Commissaire, auteur de la préface du livre
La peinture de Frank Nitsche tend vers une indétermination de l’effet par collision des pleins et des vides, des courbes et des lignes brisées, des angles aux inclinaisons multiples ; elle opère par dilatations extrêmes de l’espace pictural, par feuilletage des plans, par juxtapositions de plis. Chaque oeuvre semble être l’instantané d’un objet en mutation fulgurante à l’intérieur d’un univers à la fois parfaitement achevé, recourbé sur lui-même comme un espace einsteinien, et absolument illimité, changeant, kaléidoscopique. En ceci, les œuvres produisent-elles un sens tremblé et non un sens ferme.
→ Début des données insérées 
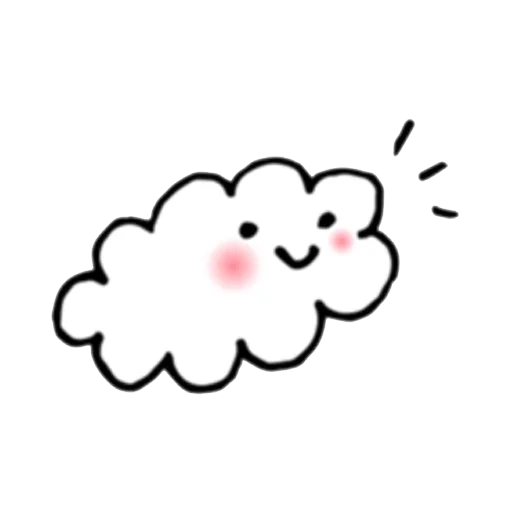 nuage mignon, nuages blancs, croquis de cloud, cloud kawai, le nuage est un dessin doux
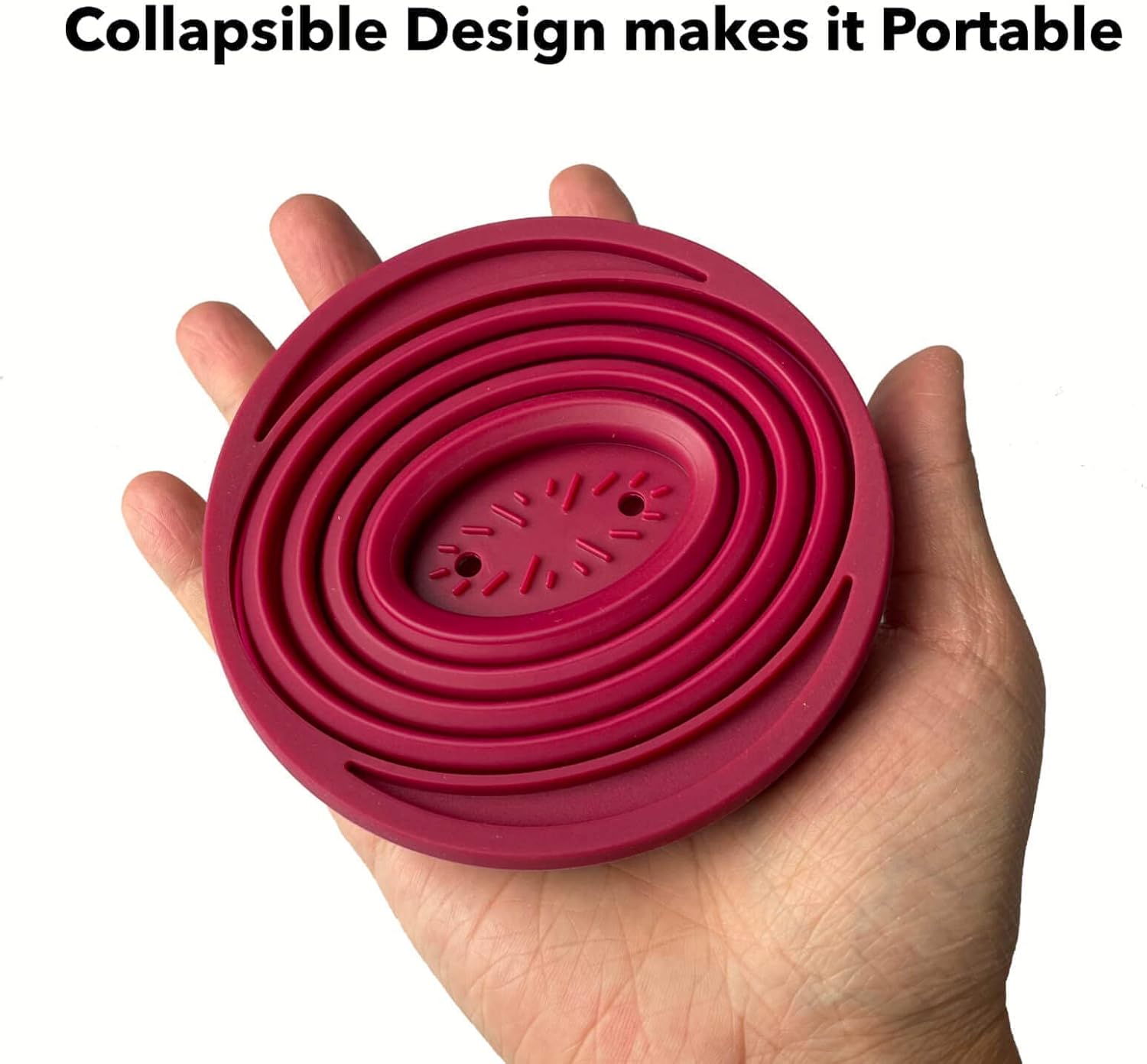 Collapsible Pour Over Coffee Dripper for Camp Coffee, Reusable Silicone Coffee Filter Holder for Camping Red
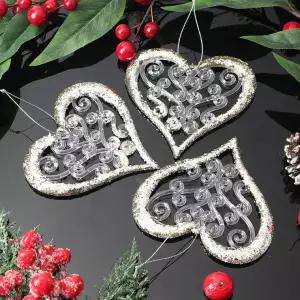 샴페인골드 오너먼트 3p세트(하트) 트리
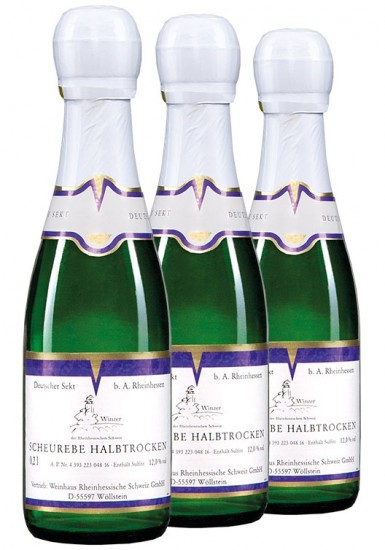 200ml Picollo Sekt   (200ML) (3 Flaschen) mild 0,2 L - Winzer der Rheinhessischen Schweiz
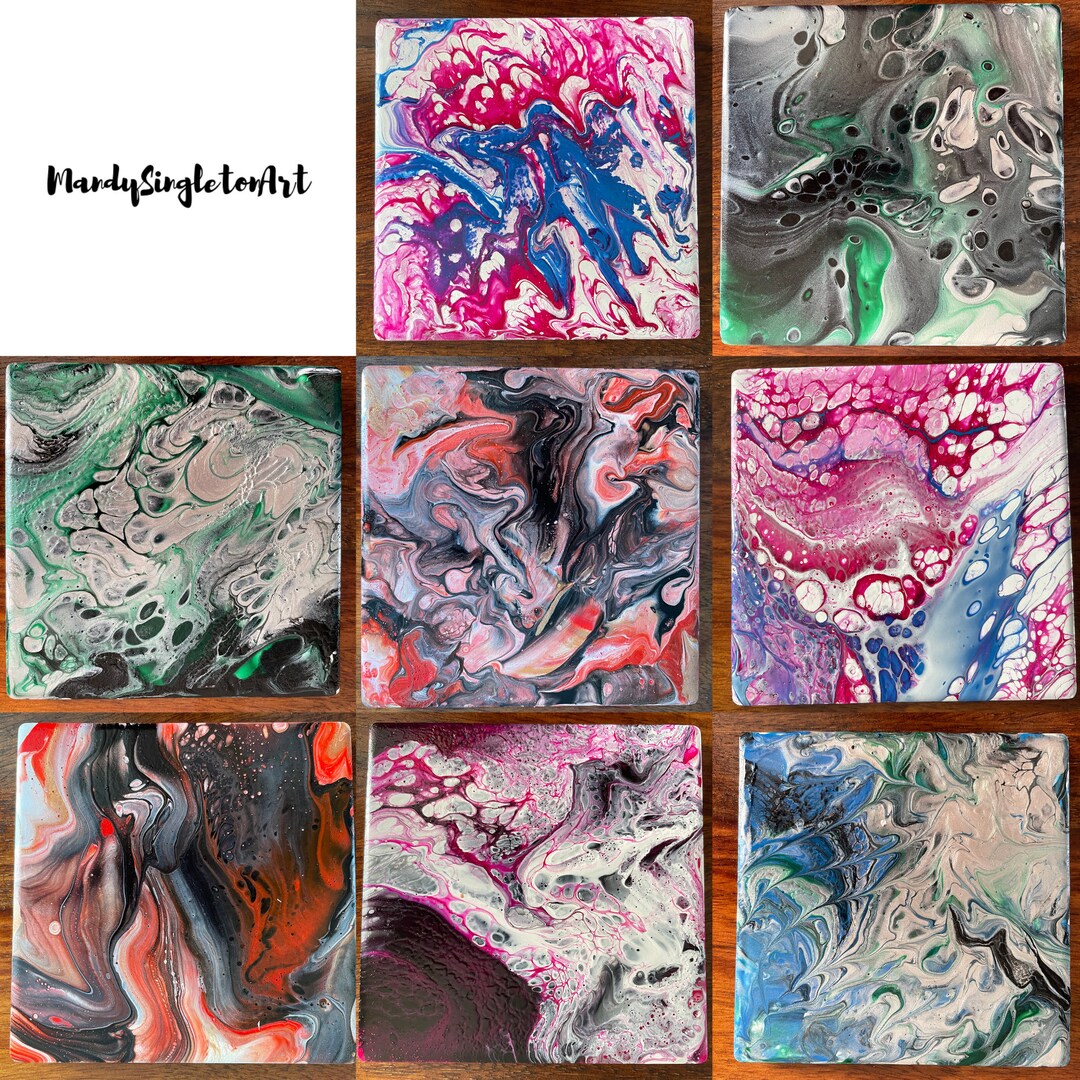 Hand Painted Ceramic Coasters Fluid Art Coaster Etsy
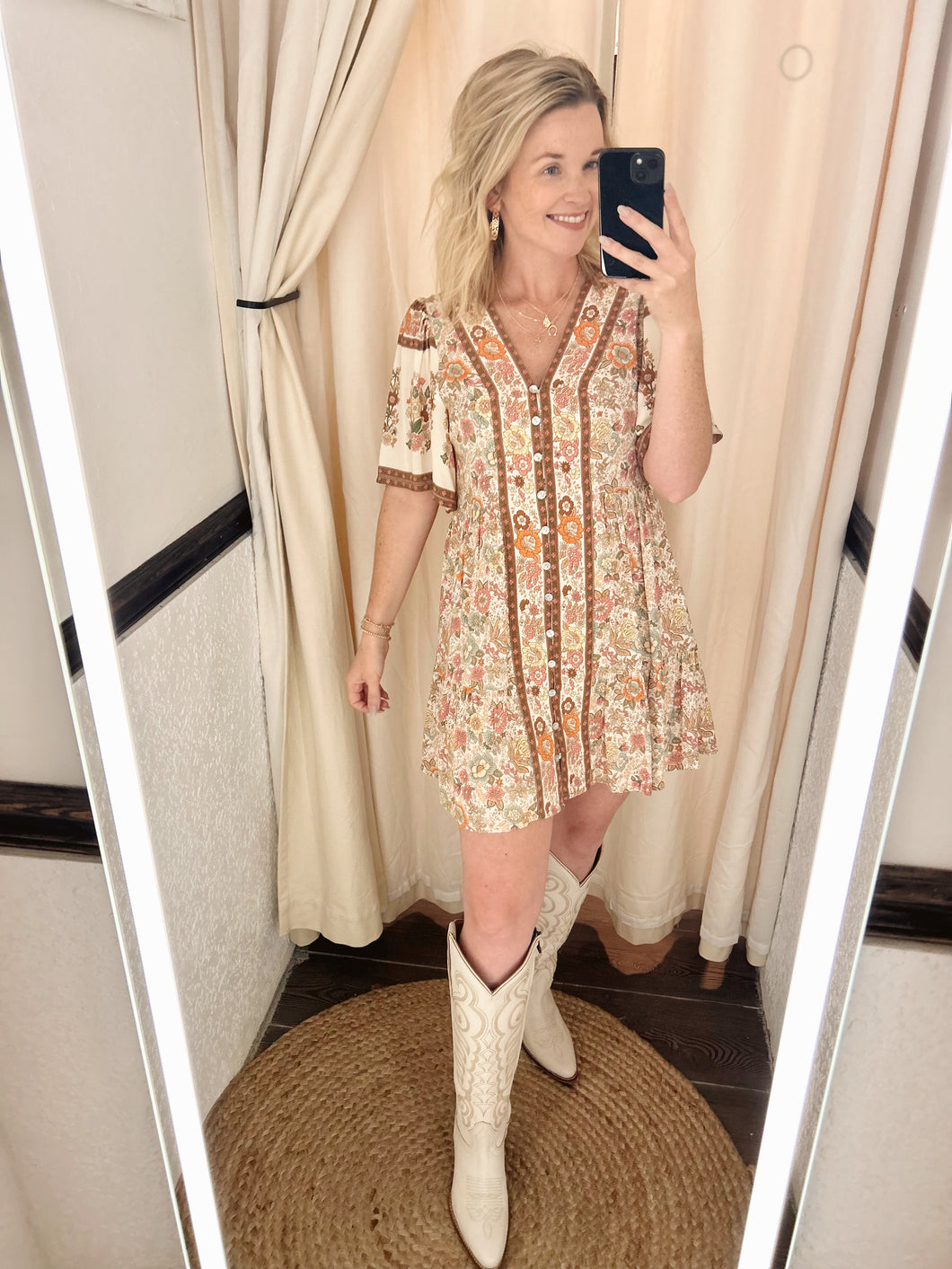 Prairie Petals Mini Dress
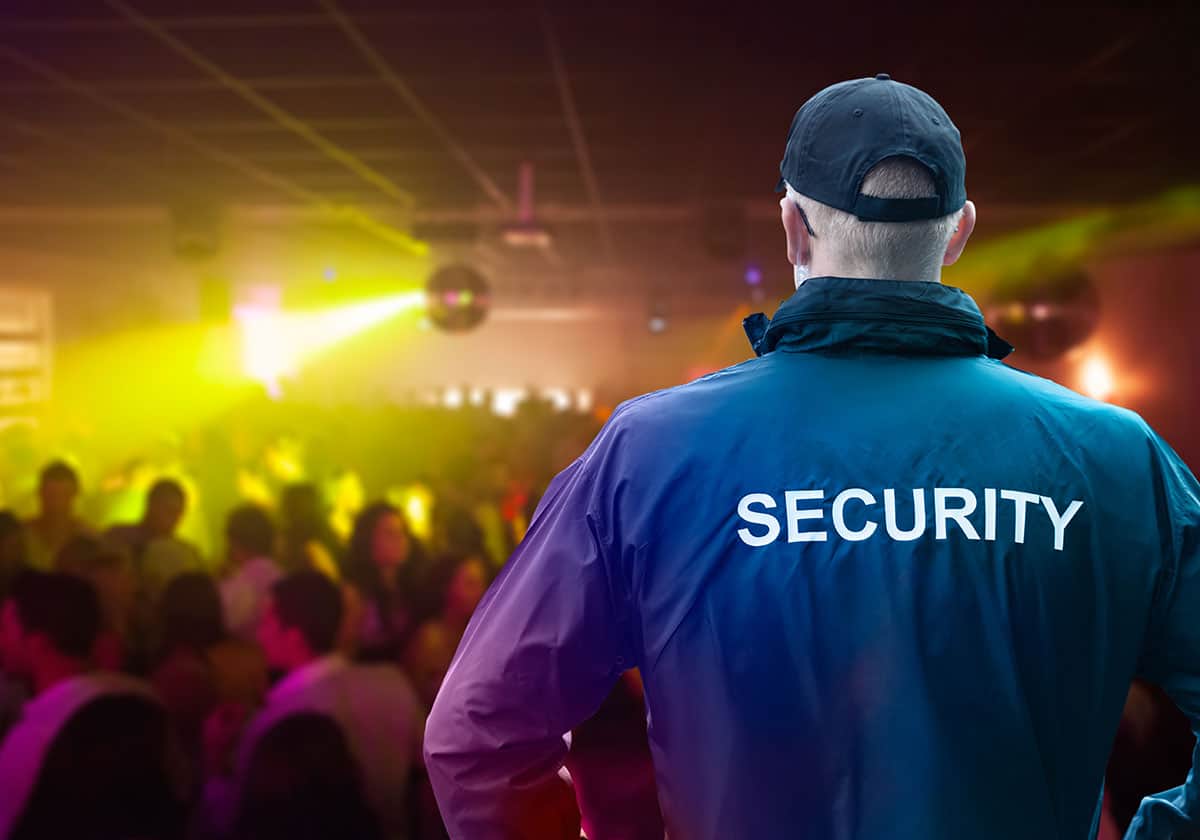 Male Security Officer Wearing Sewcurity Jacket at nightclub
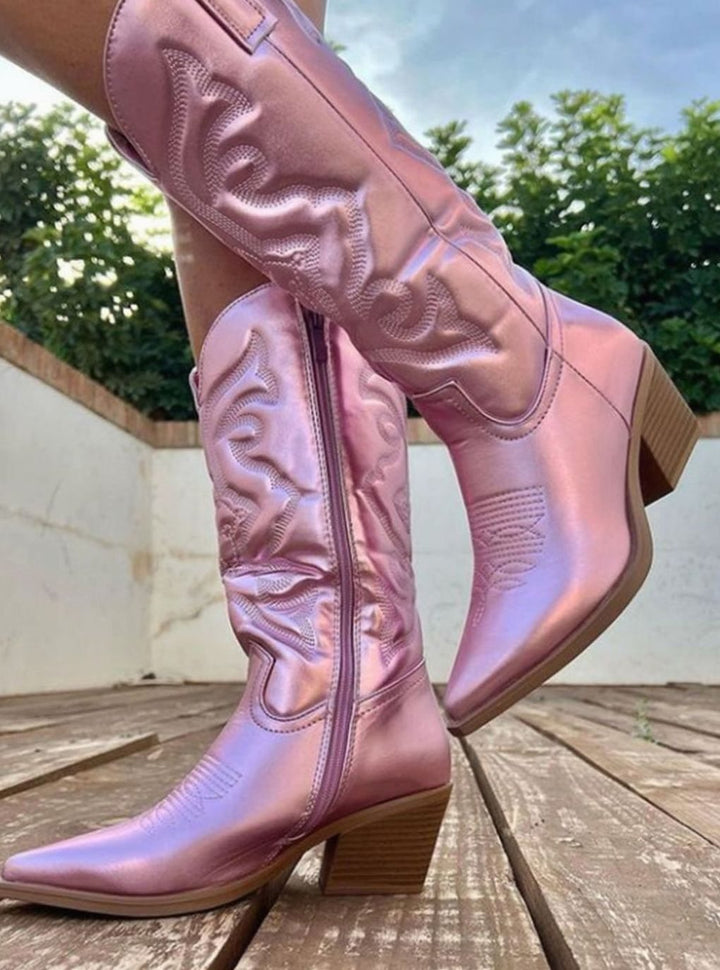 Women's Metallic Embroidered Block-Heel Knee-High Cowboy Boots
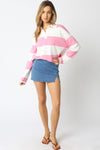 Spring Time Pink and White Rugy Sweater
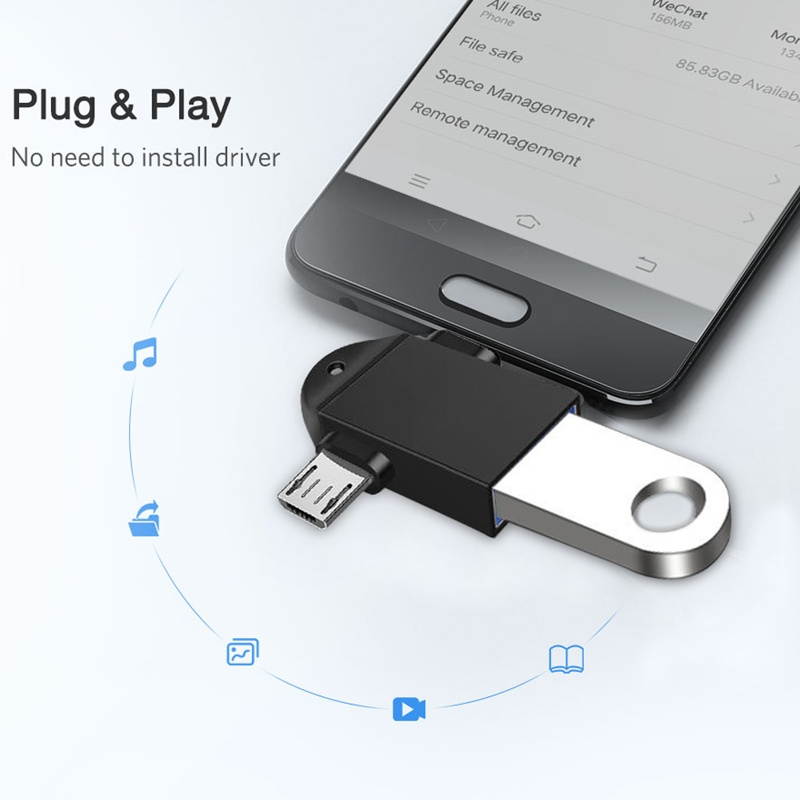 3 in 1 Micro USB Type C OTG Male To USB 3.0 Female Adapter Connector for Samsung Galaxy S21 ultra Mate40 8 Pro-Silver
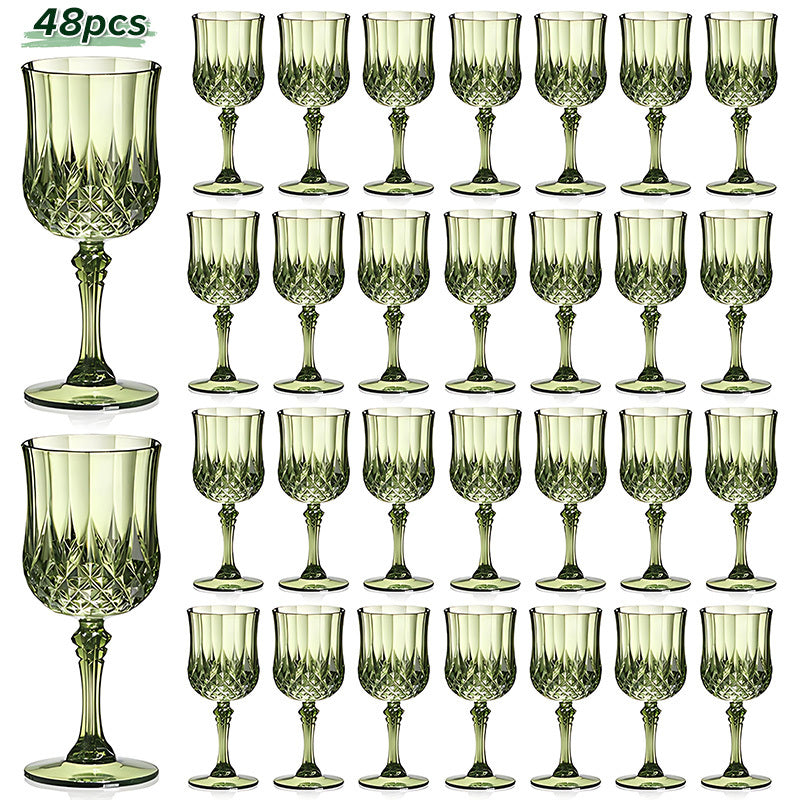 Plastic Champagne Glasses 48 Pack ¨C 7oz Stemmed Crystal Clear Reusable Cups for Wedding, Party, Bridal Shower, Christmas, Halloween, Stackable Shockproof Vintage Stem Glasses, Transparent Green Blue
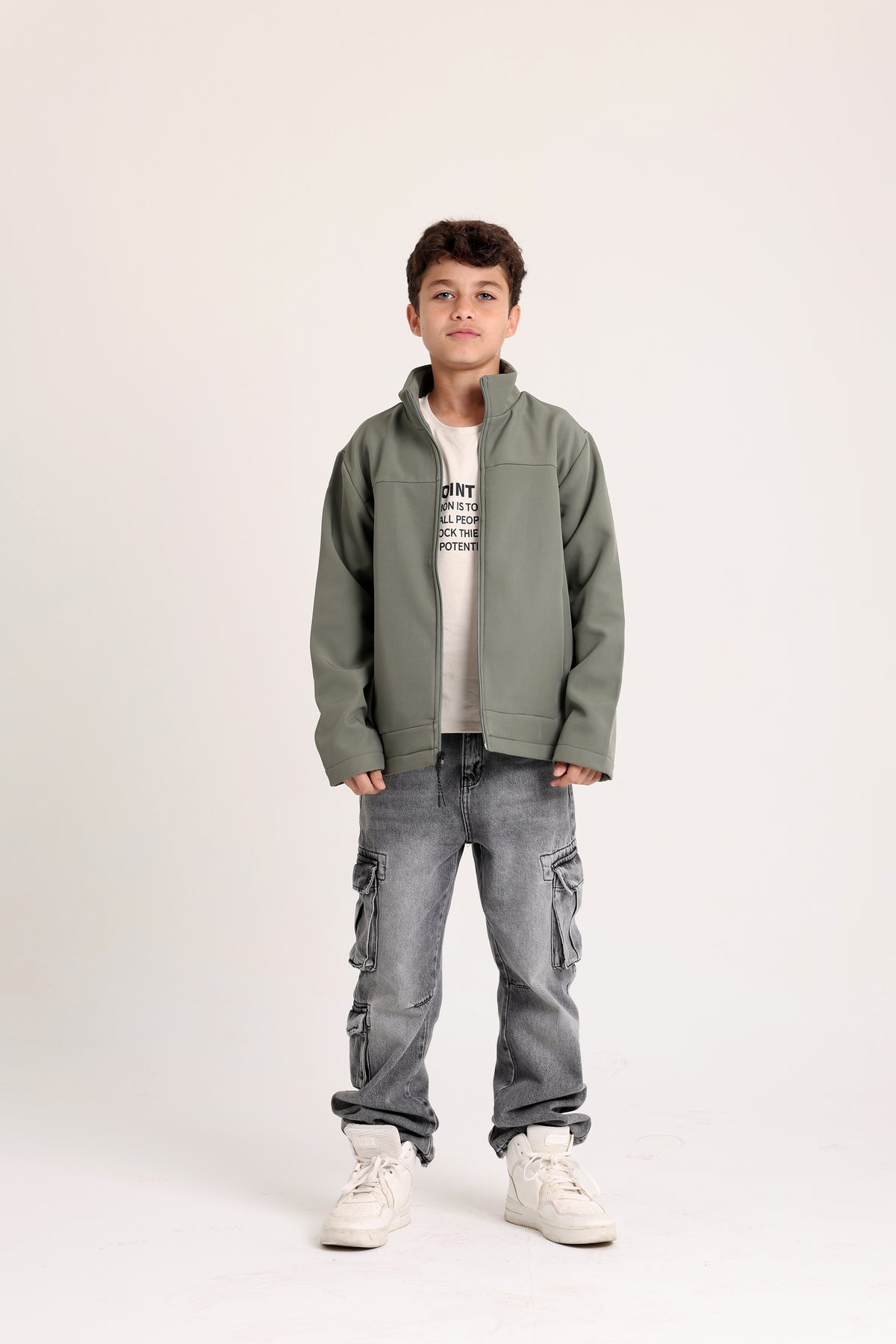 Softshell Zip Olive Green Jacket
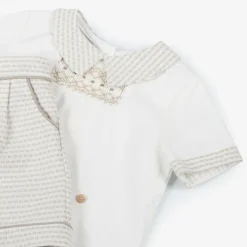 Beau KiD Outfit Sets|Outfit Sets*Baby Boys Ivory & Beige Cotton Buster Suit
Ce tremblement du sens, cet état vibratile de la peinture n’est pas sans entretenir une intéressante analogie avec la musique électronique, que Frank Nitsche diffuse à haute dose dans son atelier de Berlin. En musique électronique, l’addition d’un maximum de fréquences sonores a pour résultat ce que l’on nomme un « bruit blanc », signal que le musicien doit organiser, colorer, structurer. Frank Nitsche utilise en permanence une gigantesque base de données conçue à partir de milliers d’images découpées dans la presse et soigneusement classées par couleurs dans d’imposants albums. A l’instar des bases de données sonores utilisées en musique électronique, ce lexique compilé au fil des années est utilisé comme dimension première au sein de laquelle sont introduits des modules de désordre structurés, empilés, générant décalages, striures, dissonances, stridences, démultiplication des dynamiques, espaces écarquillés. Si la structure importe, la couleur – principal critère choisi pour le classement des images compilées – joue un rôle prépondérant dans l’ensemble de l’œuvre.
Extrait de la préface du livre Frank Nitsche, Jean-Charles Vergne, Kirsty Bell, Gerrit Gohlke, Fabrice Hergott, FRAC Auvergne, Musée d'Art Contemporain de Strasbourg, 2007.